Gravado em vídeo, o massacre público cometido por homens, mulheres e até crianças contra a dona de casa Fabiane Maria de Jesus teve seu horror amplificado pela constatação de que a vítima confundida com uma sequestradora de crianças, a partir de um retrato-falado difundido em redes sociais, era completamente inocente das acusações.
Mas, e se ela fosse culpada, o linchamento seria justificável?
Para quem acredita na democracia, a resposta é não. O problema é que, no Brasil, o sistema democrático ainda está engatinhando, avalia Guilherme Arruda Aranha, coordenador de pesquisas do Instituto Norberto Bobbio e professor de direito da PUC-SP.
- Existe uma má compreensão do que é a democracia. Não chega a ser uma desilusão com o sistema, mas o próprio desconhecimento do que é a democracia - analisa.
Depois de 20 anos de ditadura militar e uma história entrecortada por períodos autoritários, o Brasil ainda estaria suscetível às ilusões de segurança trazidas por punições rápidas e severas, à revelia do processo de defesa. A mesma fatia da população que apoia os justiçamentos seria aquela que associa a ideia de direitos humanos a uma espécie de "privilégio" para quem descumpre a lei - representada por porta-vozes como a apresentadora de televisão Rachel Sheherazade, que defendeu em rede nacional o direito de "cidadãos de bem" espancarem infratores como "uma legítima defesa coletiva de uma sociedade sem Estado contra um estado de violência sem limite".
- Na democracia a Justiça leva tempo, o assunto sai da mídia, e as pessoas acham que não acontece nada. Condeno o linchamento em qualquer caso, mas esses enganos revelam o lado mais cruel, do que significa dar uma resposta imediata e matar um inocente. Morreu recentemente o proprietário da escola de Base, acusado de abuso sexual. Ele também sofreu um linchamento moral, social. E foi um erro - ressalta Arruda.

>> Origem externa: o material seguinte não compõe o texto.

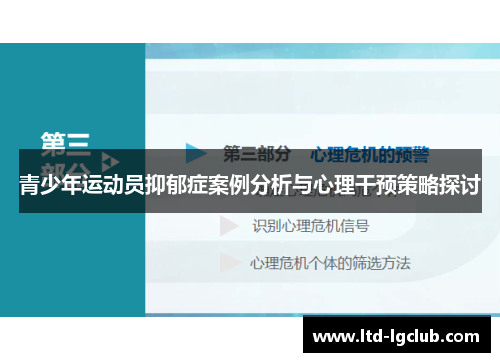 青少年运动员抑郁症案例分析与心理干预策略探讨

Outro fator a ser considerado ao se analisar a nova onda de linchamentos no país é o contexto político. Depois das manifestações que varreram o país em junho do ano passado, além do sentimento de indignação que insuflou a nação, ficou ainda mais explícito o despreparo e a violência policial - cotidianamente vivenciados por moradores de periferia, mas até então ignorados pela classe média.
- Isso aumenta a percepção de que a mudança só pode ser feita por violência. É preciso mudar a concepção de Justiça, e isso começa com uma polícia mais investigativa e menos abusiva - defende a professora Alba Zaluar, professora de antropologia da Universidade Estadual do Rio de Janeiro (UERJ) e autora de
livros como Violência, Cultura e Poder (FGV, 2000).
Ao permitirem o compartilhamento de opiniões e informações na velocidade de um clique, as redes sociais contribuem para disseminar estados de ânimo acirrados. Pessoas que individualmente não se sentiriam encorajadas a defender certas posições, ao encontrarem outros que pensam parecido, podem dar vazão a manifestações extremas.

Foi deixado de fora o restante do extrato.